6000 people in attendance. Four titles at stake. One huge UK debut for New Japan Pro Wrestling. Saturday afternoon saw legions of wrestling fans descend upon the Copper Box in Stratford, East London, the heartland of West Ham football club and former home of the 2012 Olympic Games. And though NJPW faced stiff competition in the form of concomitant NXT UK TakeOver: Cardiff (as well as AEW’s All Out), there could be no doubt that the crowd was fully invested in New Japan’s best and brightest. Your intrepid reporter was in attendance as belts changed hands, duelling chants duked it out, and a new challenger appeared…

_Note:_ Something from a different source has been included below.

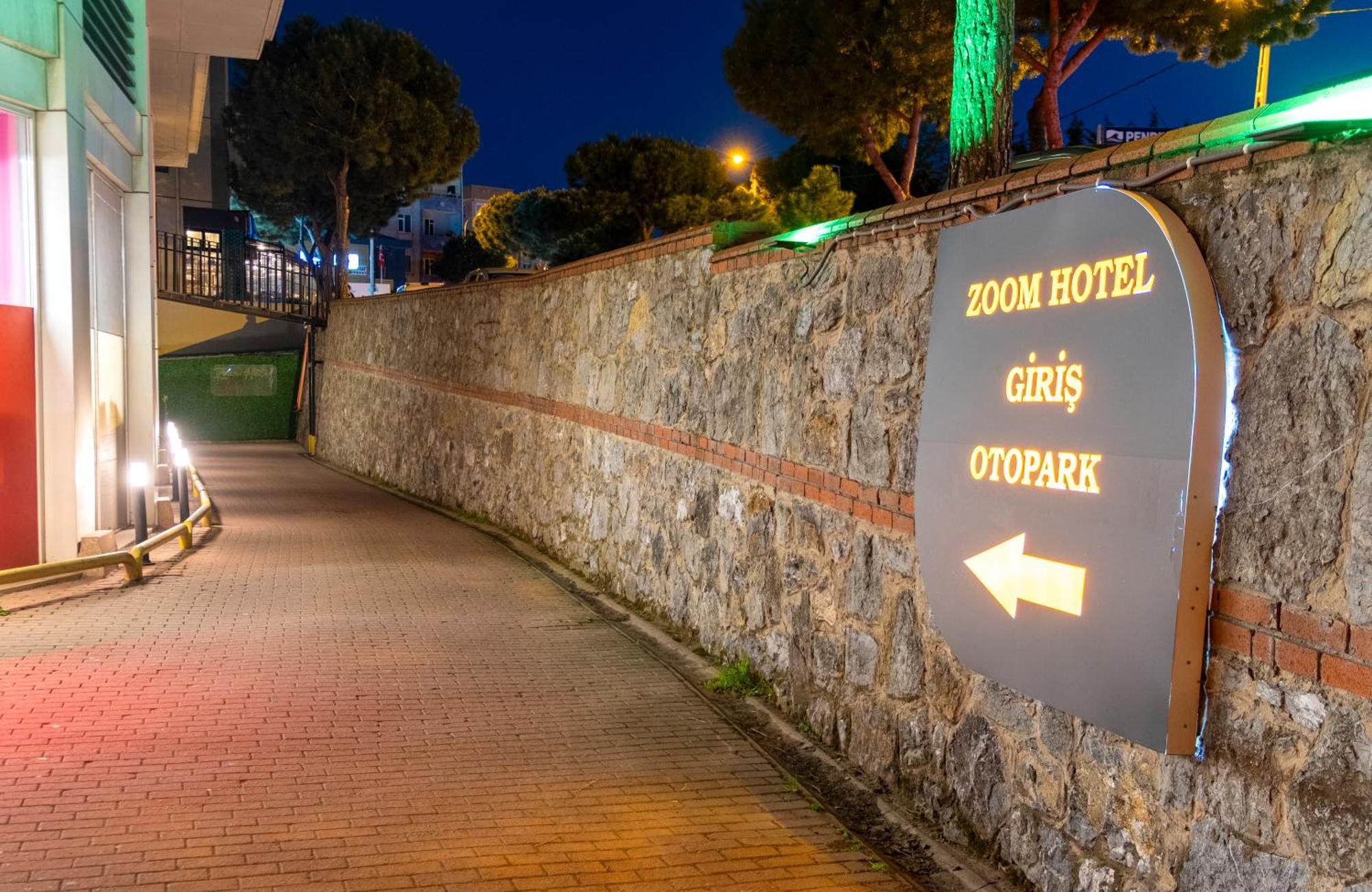 Zoom Hotel Istanbul Bagian luar foto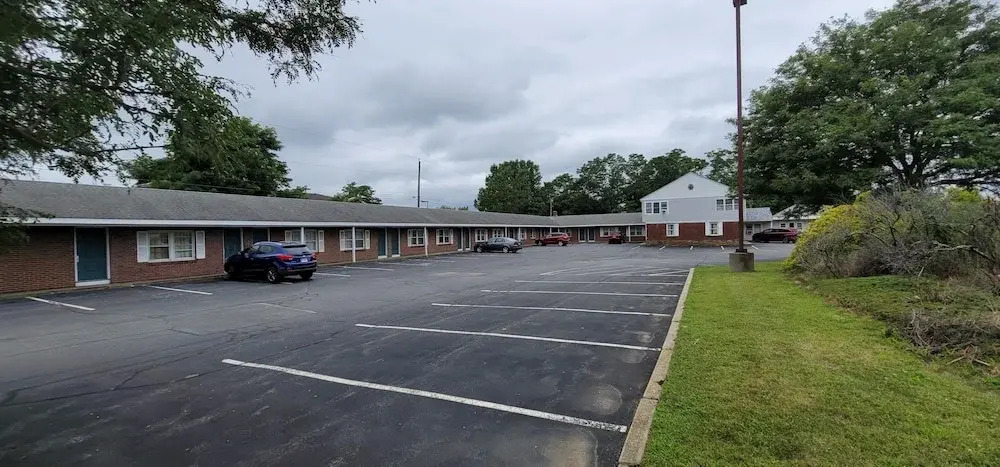 Town & Country Inn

Roppongi 3K (SHO, YOH, and Rocky Romero) def. Ryusuke Taguchi, Shota ‘Shooter’ Umino and Ren Narita // SHO hit Narita with the Powerbreaker
The event started half an hour earlier than the ticket indicated, which meant I missed this pre-show bout, which furthermore meant I missed my Very Favourite Bois, Roppongi 3K. Sources indicate that this was a short and breezy affair, with at least one arena-wide ‘Funky Weapon’ chant.
Kota Ibushi and Juice Robinson def. Hikuleo and Yujiro Takahashi // Ibushi hit Takahashi with the Kamigoye
Filler, but enjoyable filler. Hikuleo and Takahashi are what they are, but Juice and Ibushi elevated this one to something the crowd could actually get behind. Ibushi is absolutely electric in person. Low stakes and ultimately just a way to get Ibushi on the card, but you won’t catch me complaining about any of it.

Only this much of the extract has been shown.